Johan (John) Stevens (Stefenson)

John Stevens, together with his eldest son, Haaken, arrived in the Sheyenne Valley in 1882. John, who was a carpenter by trade, soon found work building homes for the many settlers that were daily coming into the valley and the prairies on either side.

Haaken, having no particular trade, hired out as a farm laborer. His job was to break sod with a plow and a yoke of oxen. This surely tested his fortitude and temperament. The following year, in 1883, Mary Stevens, the wife of John and the two children, Ole and Maren, arrived to join John and Haaken. The addition to the family required that a home be built and as was the custom then, a sod house with a lean-to was built. The lean-to served as a summer kitchen and for storage in the winter.

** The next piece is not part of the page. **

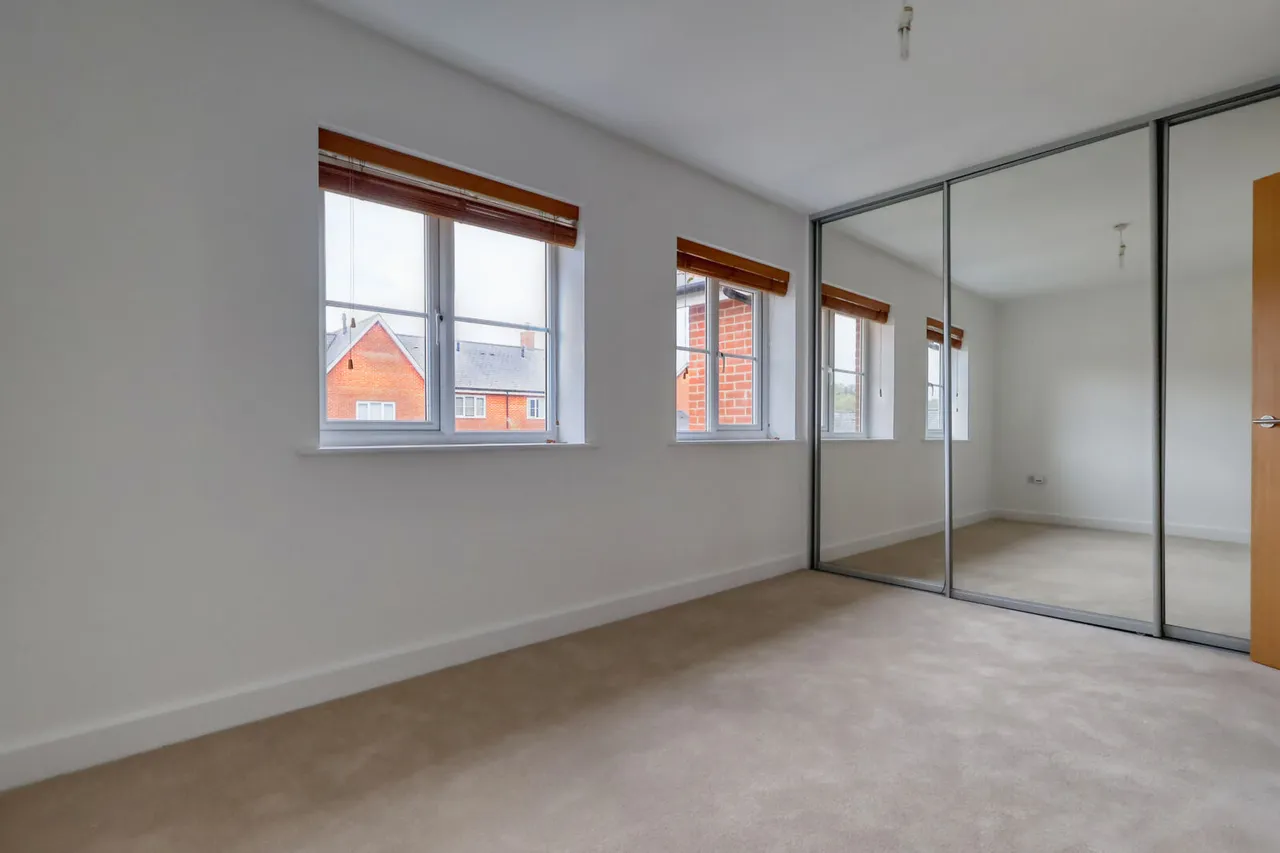 Chequers Avenue, High Wycombe, HP11, photo 14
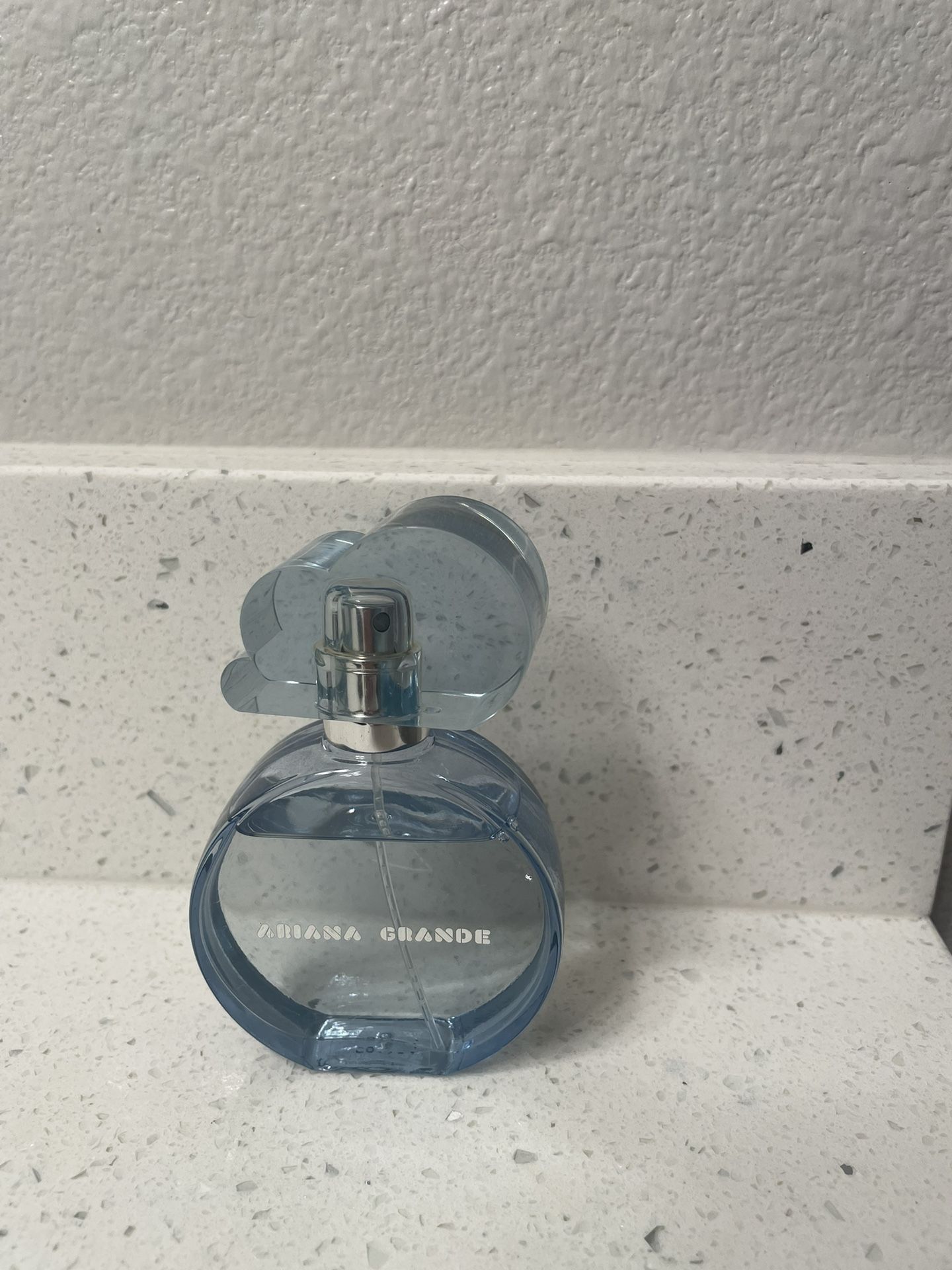 Ariana Grande Cloud Perfume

By 1884 a pair of oxen had been acquired and fifteen acres of sod were broken. This was sown to wheat, hand seeded and dragged by a homemade harrow pulled by the oxen.

In a year or two the sod house was left for a log cabin made from logs cut and harvested in Minnesota and shipped by rail to Valley City. By the time the house was completed, the health of John Stevens had begun to fail and he soon passed away. The operation of the homestead then fell on Haaken and Ole and they continued in this manner until the marriage of Ole to Mina Anderson on January 26, 1897. Within two years Haaken married Olava Anderson on October 23, 1899 and moved to the Kathryn area. Ole continued to live on the homestead in Section 10, Nelson township, until Ole's death in 1937.

Seven sons and one daughter were born to Ole and Mina. Altogether, thirteen children were born but only eight survived to maturity. Their names were:

  1. Joseph,

  2. Peter,

  3. Melvin,

  4. Edwin,

  5. Alfred,

  6. Martha,

  7. Leonard and

  8. Elmer.

Two sons, Melvin and Joseph, bought the farm after the death of Ole and Joseph still is farming the land.

Alfred, born in 1906, after working in Canada for a period, married Myrtle Thompson and is now retired and lives in Kathryn.